## [Aim of the exercise]
The whole listing that follows, pictures excepted, should be printed again exactly as given.

## [Data below]
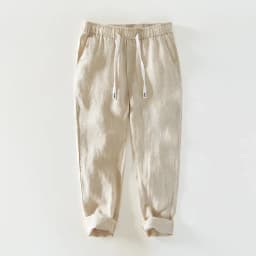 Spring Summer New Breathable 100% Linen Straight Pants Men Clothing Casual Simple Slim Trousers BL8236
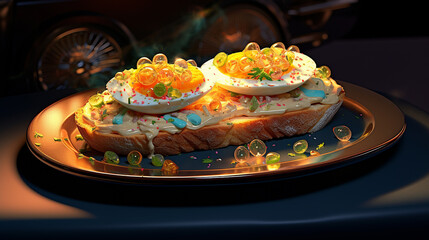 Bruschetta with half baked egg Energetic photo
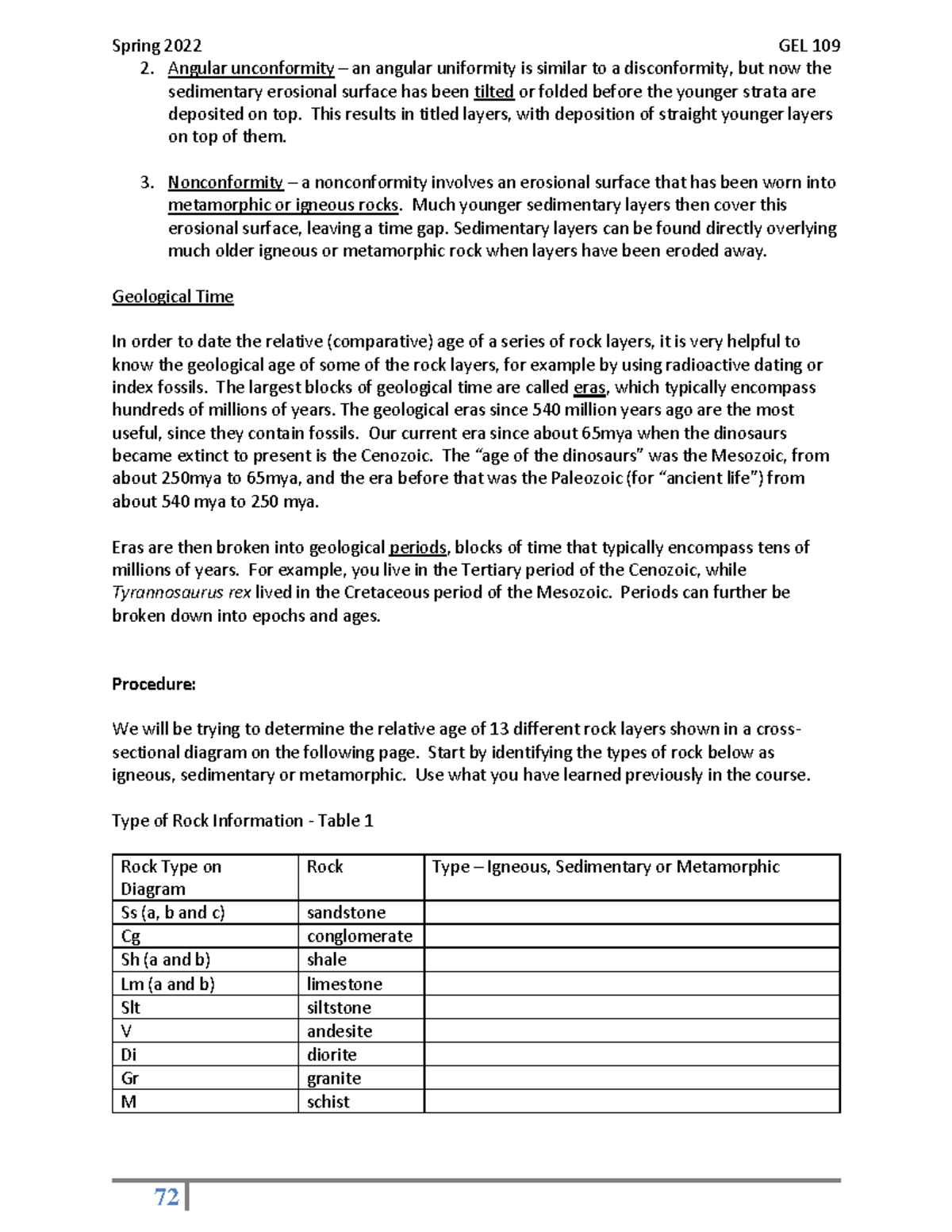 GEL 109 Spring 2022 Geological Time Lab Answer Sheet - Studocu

## [Expected answer]
 Spring Summer New Breathable 100% Linen Straight Pants Men Clothing Casual Simple Slim Trousers BL8236
 Bruschetta with half baked egg Energetic photo
 GEL 109 Spring 2022 Geological Time Lab Answer Sheet - Studocu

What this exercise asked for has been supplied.